3. Seems your solution implies the dice is fair.
Why? There is no trace of any outcome (1,2,4,5 or 6) except 3's only. I.e. there is a good chance the dice is biased to 3.

Therefore first we have to evaluate a hypothesis H = "fair dice", i.e. considering event E7 (= 7 threes in a row), first we have to estimate P(H|E7).
We do know P(E7|H) = 3.57E-6. Quite low.

P(not H) and, respectively, P(E7|not H) - source for suggestions. Therefore "best" guess for "three next" is "likely probability is above 1/6"

4. Vladimir you said

> Seems your solution implies the dice is fair.

No. It depends on your prior assumption about the die. The solution gave three results for three very different priors. In the uniform prior case we conclude the die is very likely biased - with a 68% chance the next roll is a 3.

5. Thanks, Norman, your reply has been noticed.

You asked: "And what about the statistician?"

First, as you said, "hull hypothesis" H0 (the dice is fair) is rejected at the level of significance of 0.01.

Then "the statistician" would set a confidence level. Making slightly dangerous move we can set it 99% (just to follow you example). And probability "not three" shall be in the interval between 0 and 1-(0.01)^(1/7) = 48.2%, i.e. event "three next" has probability between 51.8% and 100% with 99% confidence.

If we reduce the confidence down to 95%, then probability "three next" would be between 65 and 100%.

Thus "the statistician" would give more precise answer.

It's not to undermine the Bayesian inference - seems it can do better in the example.

The real question coming with the ArenaRisk implementation as you said:

"The solution gave three results for three very different priors".

What i could see - the software didn't change "mathematician's prior" (P(k)=1/6) producing the same posterior (1/6). Generally speaking, Bayesian approach should converge to the same posteriors for any suggested priors. I understand that 7 rolls is too small to show this convergence. But not moving in any direction "mathematician's prior" is sort of scaring off.

cheers

You said (about the "mathematician's prior"):

>I understand that 7 rolls is too small to show this convergence. But not moving in any direction "mathematician's prior" is sort of scaring off.

The whole point of the example was to demonstrate that the mathematician's prior was not a sensible option because NO MATTER WHAT DATA is observed (even a trillion 3's in sequence) nothing can shift the fixed 1/6 probability of a 3.

7. Norman,

you said

>the mathematician's prior was not a sensible option because NO MATTER WHAT DATA is observed

I understand "the mathematician's" belief (hypothesis) based on prior INFORMATION available to him (denote this as H0|I) is " I've checked the dice - it's ABSOLUTELY fair". Then he is right (and AgenaRisk either).

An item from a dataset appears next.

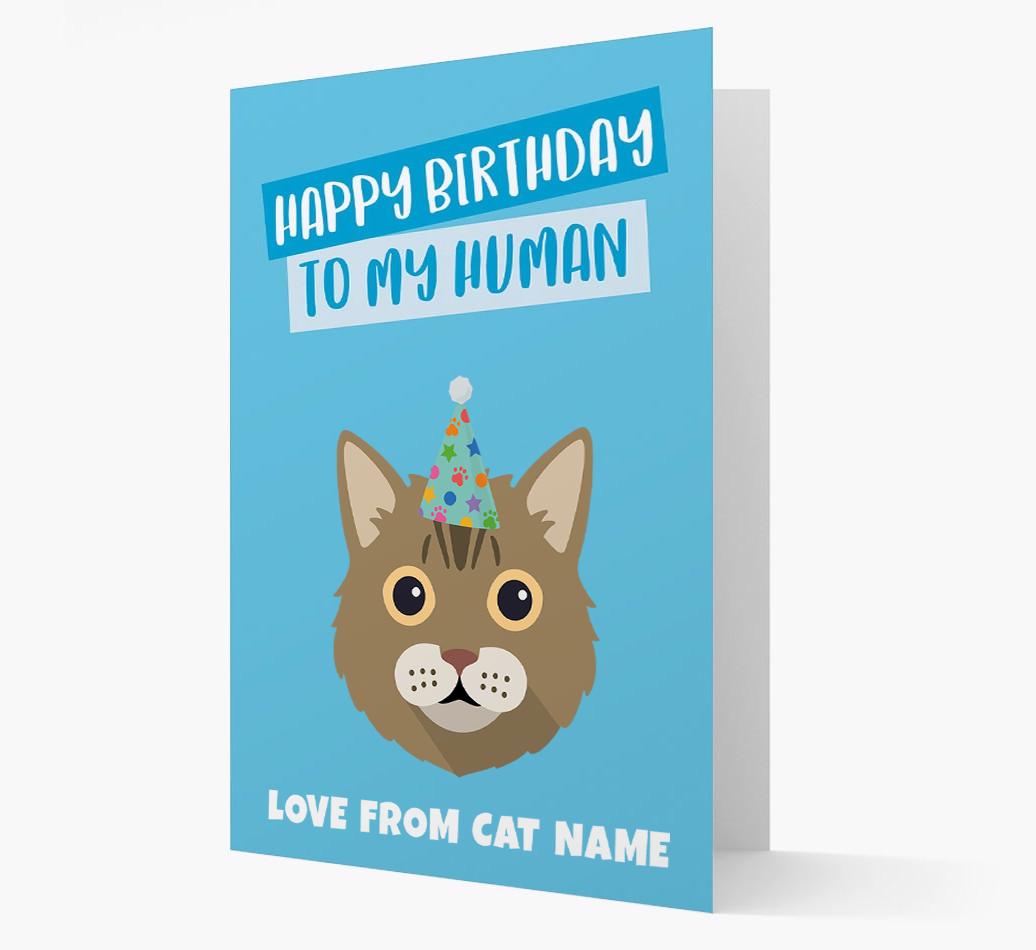 'Happy Birthday to My Human' - Personalized {breedCommonName} Card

I.e. now i understand better you example - you simply named persons depending on their prior information with the extremes:
- mathematician knows for sure it's fair dice. And he is right.
- the "probability expert" has no idea on the dice and blindly put priors as uniform. And he would be right.

Now let's talk about the probability expert's result:

You said:
>probability of rolling a 3 next time is about 0.618

I did the following:
Hypothesis H: "probability of 3 is p3"
1) put uniform continuous P(H) i.e. P(p3) = 1
2) E7 = event to get 7 threes in row
3) P(E7|H) = P(E7|p3) = PDF(E7|p3) = 8*p3^7 (8 is required to normalize the PDF)
4) I arrive to the following results:
- with 99% confidence "next 3" probability is in interval 56.2% and 100%
- with 95% confidence "next 3" probability is in interval 68.8% and 100%
- mean probability "next 3" is 88.889%

The estimations above are expectedly better compare to the orthodox statistics.

But what is worrying me - the difference with the value (mean probability "next 3" 0.618).